The air horn, or samples of its sound, spread with the Jamaican diaspora. In the 1980s, selectors moved to Toronto, Brooklyn, and London. Hip-hop DJs were influenced by Jamaican sound systems such as Killamanjaro, and Jamaican Americans such as DJ Kool Herc incorporated riddim style—an early form of rap from Jamaica—into mixtapes. The sound of the air horn, now removed from live, attention-getting performance, went with it.

And this, of course, is a natural part of hip-hop. “As a platform, the practice of hip-hop is to take what exists and move it from that context or recontextualize so that it becomes something new,” says University of Virginia hip-hop scholar A.D. Carson. The air horn, then, became a new hip-hop attention signal for global artists such as Pharrell and Kanye West.

Hot 97 Radio’s DJ Cipha Sounds, from the Bronx, brought the air horn to wider radio audiences in the 1990s. By then, “there was an increase in consumption of Jamaican popular music,” says the University of the West Indies’ Sonjah Stanley-Niaah, “and an increase of Jamaica as a land, and the idea of the nation-state of Jamaica had reached celebrity status.”

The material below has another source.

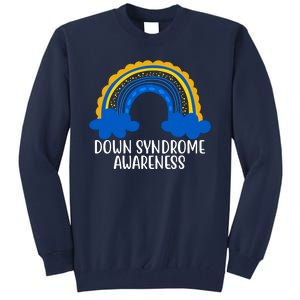 Down Syndrome Awareness Rainbow Tall Sweatshirt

Major Lazer performing at Coachella in 2010.
Major Lazer performing at Coachella in 2010. Jared Eberhardt / CC BY-SA 2.0

Dancehall was going mainstream, and the air horn with it. Soon it moved beyond hip-hop and Jamaican-influenced mixtapes and into pop, indie rock, and EDM. Yet, as with many things that can be thought of as a form of cultural appropriation (not that Jamaican culture owns the air horn, but the sound does evoke dancehall), the popularity “divorces the original context from its origins,” Carson says. People no longer know what the air horn means, and meant when it was first used in outdoor venues in Kingston. “What has been lost is the association you can make to Jamaica,” Stanley-Niaah says, “but what has been gained is that there is an increase in routinization of Jamaican popular culture.”

Every day, producers meld sounds and lyrics together to craft songs that compel us to dance or think or snap our fingers, maybe even without understanding why certain sounds move listeners. But they know that these combined sounds fill us with joy. So next time you’re jamming to your favorite song or a Billboard hit, listen closely. You might hear a signal to come forward.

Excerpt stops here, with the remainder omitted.